In una delle solite telefonate domenicali, che si facevano per risparmiare sulla bolletta, mio padre, percussionista nell’orchestra del Teatro San Carlo di Napoli, mi confidò: Tullio, ho sentito suonare un ragazzo straordinario. Uno che sperimenta come te, ma lui ha avuto il coraggio di scrivere che Napoli era ‘‘na carta sporca’. Era Pino. La cosa migliore che mi sia capitata nella vita”. La voce, ora quasi baritonale, di Tullio De Piscopo inizia a cedere di colpi. Sono dieci anni esatti dalla morte di Pino Daniele, conosciuto nel 1977, quando De Piscopo era già un musicista parecchio affermato in Italia. Pino, un pezzo di vita, un fratello di musica. Voce, anima e chitarra di una superband negli anni ‘80 che portava sui palchi italiani ed europei la world music, con intrecci di blues, jazz, sonorità africane e sudamericane. Il genio di Pino, Tullio che era l’asso della ritmica, poi James Senese (sassofono), Joe Amoruso (tastiere), Tony Esposito (basso) e Rino Zurzolo (contrabbasso). Assoli, virtuosismi, una jam session itinerante.  

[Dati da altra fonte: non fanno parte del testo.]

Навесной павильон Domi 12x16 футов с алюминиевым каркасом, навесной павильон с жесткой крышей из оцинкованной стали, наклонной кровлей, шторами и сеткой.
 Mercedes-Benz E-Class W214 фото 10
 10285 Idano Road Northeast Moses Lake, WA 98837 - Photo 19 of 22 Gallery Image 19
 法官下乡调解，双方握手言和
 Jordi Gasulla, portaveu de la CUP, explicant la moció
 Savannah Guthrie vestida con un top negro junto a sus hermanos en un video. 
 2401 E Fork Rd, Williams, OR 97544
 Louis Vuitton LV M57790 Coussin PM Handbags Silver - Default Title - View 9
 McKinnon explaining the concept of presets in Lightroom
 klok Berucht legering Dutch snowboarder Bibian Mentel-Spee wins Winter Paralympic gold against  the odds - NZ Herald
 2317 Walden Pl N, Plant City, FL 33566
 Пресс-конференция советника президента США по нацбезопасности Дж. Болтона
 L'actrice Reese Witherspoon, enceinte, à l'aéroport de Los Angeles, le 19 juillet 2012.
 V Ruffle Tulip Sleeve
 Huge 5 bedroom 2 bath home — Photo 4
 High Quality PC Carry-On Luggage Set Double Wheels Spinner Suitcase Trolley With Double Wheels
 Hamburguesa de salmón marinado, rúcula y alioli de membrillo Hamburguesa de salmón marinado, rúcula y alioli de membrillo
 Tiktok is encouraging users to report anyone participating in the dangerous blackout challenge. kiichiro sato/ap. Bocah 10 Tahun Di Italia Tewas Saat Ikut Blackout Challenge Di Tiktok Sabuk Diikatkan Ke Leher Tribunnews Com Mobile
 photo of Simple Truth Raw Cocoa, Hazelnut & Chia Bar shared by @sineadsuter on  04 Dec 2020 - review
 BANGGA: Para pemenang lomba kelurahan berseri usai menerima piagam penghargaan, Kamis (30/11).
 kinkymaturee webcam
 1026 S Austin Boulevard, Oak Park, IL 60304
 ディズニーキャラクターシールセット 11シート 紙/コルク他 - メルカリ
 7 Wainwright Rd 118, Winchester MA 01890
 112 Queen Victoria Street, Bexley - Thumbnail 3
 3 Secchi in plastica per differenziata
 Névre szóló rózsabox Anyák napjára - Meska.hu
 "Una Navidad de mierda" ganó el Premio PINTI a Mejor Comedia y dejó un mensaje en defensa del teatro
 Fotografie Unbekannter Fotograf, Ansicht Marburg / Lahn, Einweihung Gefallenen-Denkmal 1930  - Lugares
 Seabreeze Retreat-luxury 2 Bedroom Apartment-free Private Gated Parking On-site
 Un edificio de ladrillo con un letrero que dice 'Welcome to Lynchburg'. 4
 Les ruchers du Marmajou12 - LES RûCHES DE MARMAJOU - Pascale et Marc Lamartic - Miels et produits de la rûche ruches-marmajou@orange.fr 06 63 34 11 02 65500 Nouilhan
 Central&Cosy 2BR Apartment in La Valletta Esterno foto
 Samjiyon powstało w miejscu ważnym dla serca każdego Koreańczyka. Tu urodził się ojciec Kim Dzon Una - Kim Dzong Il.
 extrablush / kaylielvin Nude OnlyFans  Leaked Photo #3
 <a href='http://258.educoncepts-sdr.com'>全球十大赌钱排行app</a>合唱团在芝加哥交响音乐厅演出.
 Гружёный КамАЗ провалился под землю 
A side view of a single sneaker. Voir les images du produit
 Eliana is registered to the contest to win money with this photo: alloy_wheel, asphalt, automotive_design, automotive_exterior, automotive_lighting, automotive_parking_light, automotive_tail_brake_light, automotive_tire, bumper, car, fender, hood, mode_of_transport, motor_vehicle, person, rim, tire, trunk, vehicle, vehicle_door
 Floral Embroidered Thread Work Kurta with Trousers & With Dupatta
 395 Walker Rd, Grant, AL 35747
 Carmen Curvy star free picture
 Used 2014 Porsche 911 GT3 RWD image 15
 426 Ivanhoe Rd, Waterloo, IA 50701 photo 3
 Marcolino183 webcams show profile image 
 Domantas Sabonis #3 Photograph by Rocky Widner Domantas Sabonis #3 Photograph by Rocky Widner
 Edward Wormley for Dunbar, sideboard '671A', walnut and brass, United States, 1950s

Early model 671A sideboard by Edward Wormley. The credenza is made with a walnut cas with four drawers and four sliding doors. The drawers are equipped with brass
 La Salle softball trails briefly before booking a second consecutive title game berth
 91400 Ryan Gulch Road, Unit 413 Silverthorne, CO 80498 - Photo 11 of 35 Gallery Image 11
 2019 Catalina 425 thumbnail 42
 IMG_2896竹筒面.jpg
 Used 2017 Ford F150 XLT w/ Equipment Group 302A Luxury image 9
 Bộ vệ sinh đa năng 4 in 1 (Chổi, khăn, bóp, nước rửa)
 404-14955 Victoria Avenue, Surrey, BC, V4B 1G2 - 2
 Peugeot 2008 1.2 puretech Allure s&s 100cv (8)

Credo che al concerto di Zurigo nel 1983 abbiamo raggiunto il punto più alto dell’evoluzione musicale”, racconta De Piscopo, “la nostra era una specie di fusion etnica, c’era esperienza, intelletto, passione, c’era una grande magia, un’alchimia speciale e voglio sottolineare il timing mostruoso di quella band. I concerti potevano andare avanti per oltre tre ore, i singoli pezzi anche dieci minuti. Improvvisazione, avanguardia pura. Altro che la musica contemporanea e chissà se a Pino piacerebbe quello che si ascolta ora in giro..”, si emoziona lo storico musicista napoletano, che diventa un fiume in piena: “L’altra notte a luci spente ho ascoltato la musica di Pino, le sue poesie, i suoi respiri in cuffia, avendo, se fosse davvero servita, la conferma che non mi ero sbagliato: sin dal primo momento, da quando ci siamo conosciuti, avevo intercettato la sua straordinaria potenza artistica e poetica”, racconta il musicista, “Ricordo quando si discuteva della scaletta dei concerti, mentre il barbiere in albergo faceva la barba prima a lui, poi a me. Adesso staremmo assieme a suonare in qualche posto, lui era sempre con la sua chitarra in mano. Onestamente, siamo stati i migliori”

Pino e Napoli, Napoli e Pino. Reciproco amore viscerale. Da Pino, nessuna concessione all’oleografia, all’autocompiacimento, all’accettazione inerte di un destino amaro, piuttosto amarezza e disincanto. Pino come Eduardo. Irreprensibili innamorati, a volte traditi dall’amata. “Come me, ha sempre detestato la rassegnazione ai nodi storici, al “Masaniello” di turno. Anche in questo siamo stati simbiotici, due anni prima di “Napul’è” avevo denunciato i mali di Napoli nell’album” Sotto e’ Ncoppa”, dal colera, al mare, al traffico”, continua De Piscopo, “Pino tra l’altro ha denunciato anche lo scippo che avevo subito per strada e che mi provocò un infarto, in ‘Madonna mia’. La Napoli degli anni ‘70 e ‘80 era piena di problemi, ora Napoli è meno ripiegata su se stessa e forse gli piacerebbe di più, dato che gli piaceva l’evoluzione, ma moderata, mentre si è passati forse da un estremo all’altro, ora non si può neppure camminare per le strade. Ma rispetto ad allora ora va molto meglio, ora si può respirare aria di mare sul Lungomare. Pino aveva un cuore grande. La sua capacità di creare un feeling con le persone lo ha reso unico”.